Date | Time | Type/Level | Computer Name | Event Code | Source | Description |
7/8/2016 | 7:58:35 AM | Erreur | ABCWFIC09.abc.local | 282 | QLNDNIC | DEVICE: HP NC375i Integrated Quad Port Multifunction Gigabit Server Adapter PROBLEM: Incompatibility detected between driver and firmware on flash. ACTION: Please upgrade firmware on flash immediately. |
- Checked the Events just after the Nic Driver event and found that the Cluster Recourses went to degraded state.

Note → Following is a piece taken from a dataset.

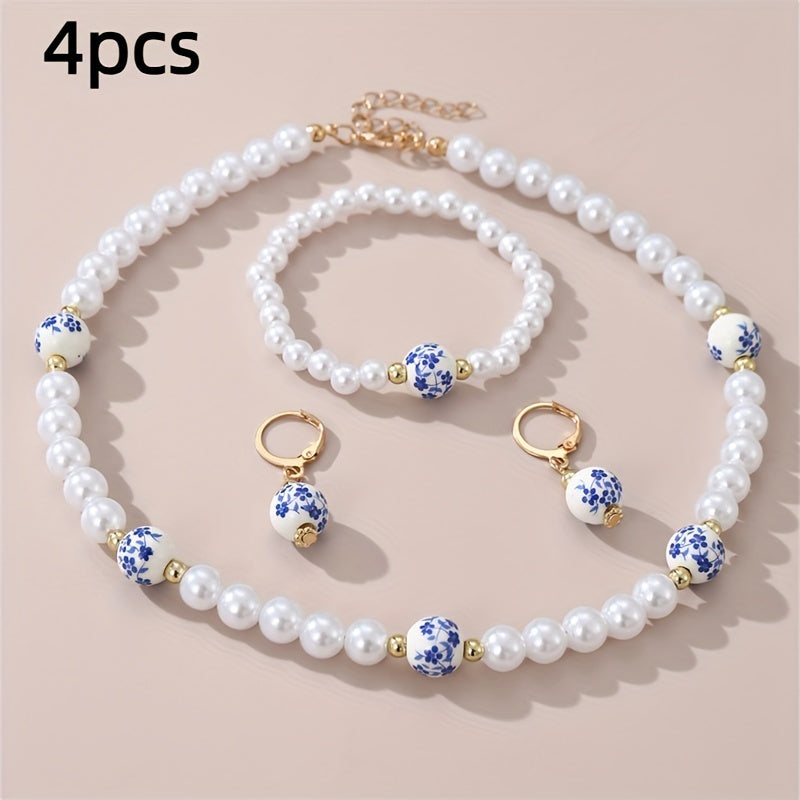 Porcelain Bloom Pearl Jewelry Set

Date | Time | Type/Level | Computer Name | Event Code | Source | Description |
7/8/2016 | 8:00:19 AM | Erreur | ABCWFIC09.abc.local | 10016 | Microsoft-Windows-DistributedCOM | Les paramètres d’autorisation spécifiques à l’application n’accordent pas d’autorisation Local Exécution pour l’application serveur COM avec le CLSID {24FF4FDC-1D9F-4195-8C79-0DA39248FF48} et l’APPID {B292921D-AF50-400C-9B75-0C57A7F29BA1} au SID AUTORITE NT\Système de l’utilisateur (S-1-5-18) depuis l’adresse LocalHost (utilisation de LRPC). Cette autorisation de sécurité peut être modifiée à l’aide de l’outil d’administration Services de composants. |
7/8/2016 | 2:18:34 PM | Erreur | ABCWFIC09.abc.local | 1069 | Microsoft-Windows-FailoverClustering | Échec de la ressource de cluster « DFSR h:\PubliqueDT » dans le service ou l’application en cluster « MSCSFIC03-RES3 ». |
7/8/2016 | 7:58:41 AM | Avertissement | ABCWFIC09.abc.local | 461 | CPQTeamMP | Team ID: 0 Aggregation ID: 0 Team Member ID: 0 PROBLEM: 802.3ad link aggregation (LACP) has failed. ACTION: Ensure all ports are connected to LACP-aware devices. |
7/8/2016 | 8:00:19 AM | Erreur | ABCWFIC09.abc.local | 10016 | Microsoft-Windows-DistributedCOM | Les paramètres d’autorisation spécifiques à l’application n’accordent pas d’autorisation Local Exécution pour l’application serveur COM avec le CLSID {24FF4FDC-1D9F-4195-8C79-0DA39248FF48} et l’APPID {B292921D-AF50-400C-9B75-0C57A7F29BA1} au SID AUTORITE NT\Système de l’utilisateur (S-1-5-18) depuis l’adresse LocalHost (utilisation de LRPC). Cette autorisation de sécurité peut être modifiée à l’aide de l’outil d’administration Services de composants. |
7/8/2016 | 8:01:43 AM | Avertissement | ABCWFIC09.abc.local | 1167 | Foundation Agents | Cluster Agent: The cluster resource DFSR j:\Cabinet has become degraded. [SNMP TRAP: 15005 in CPQCLUS.MIB] |
- Checked the events of 20th June just to confirm if the issue is with the Nic Failure and found the same set of trend.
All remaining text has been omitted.